“I am highly optimistic about the prospects for progress in normative ethics. It is evident to me that great progress has already been made since I entered the field in the early 1980s. Unlike many other disciplines in the humanities and social sciences, which in recent years were seduced by bad French philosophy into a lot of silly “post-modern” theorizing that has exposed them to derision and reduced them to irrelevance, analytic philosophy is flourishing.”
— Jeff McMahan, “Normative Ethics: 5 Questions”

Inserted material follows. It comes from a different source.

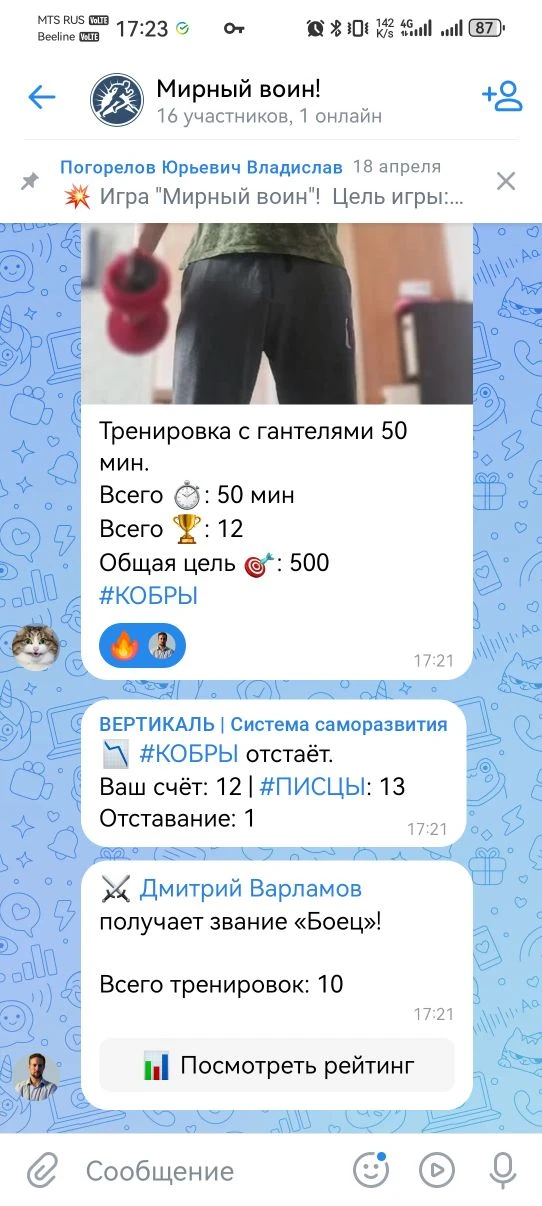 Месяц назад запустил внутренний проект в системе Вертикаль - "Мирный воин".

Это чат тренировок. Для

“The Ethics of Killing is full to bursting with … thought-experiments, or ‘cases’ as McMahan calls them…. These cases are devised rather than created, modified rather than rewritten, analysed rather than entered into; they invite precisely the epithets with which McMahan’s book has been greeted – ‘novel and ingenious’, Peter Singer tells us on the dust-jacket, rather than, say, ‘wise and insightful’.
— Stephen Mulhall, “Fearful Thoughts”
“There is no document of civilization which is not at the same time a document of barbarism.”
— Walter Benjamin, “Theses on the Philosophy of History”
Eva Feder Kittay on the normative ethics of Singer and McMahan:
Peter Singer focuses on infants who are severely disabled, especially those with severe mental retardation (not those who are beyond the stage of infancy however), while Jeff McMahan considers the congenitally severely mentally retarded (hence- forth CSMR) of any age. …
In his book The Ethics of Killing McMahan makes the argument that it is less bad to kill a CSMR person than to kill ‘one of us’. In the most provoking of Singer’s books, Should the Baby Live? he and co-author Helga Kuhse state quite baldly: ‘We think that some infants with severe disabilities should be killed’ (1985).
…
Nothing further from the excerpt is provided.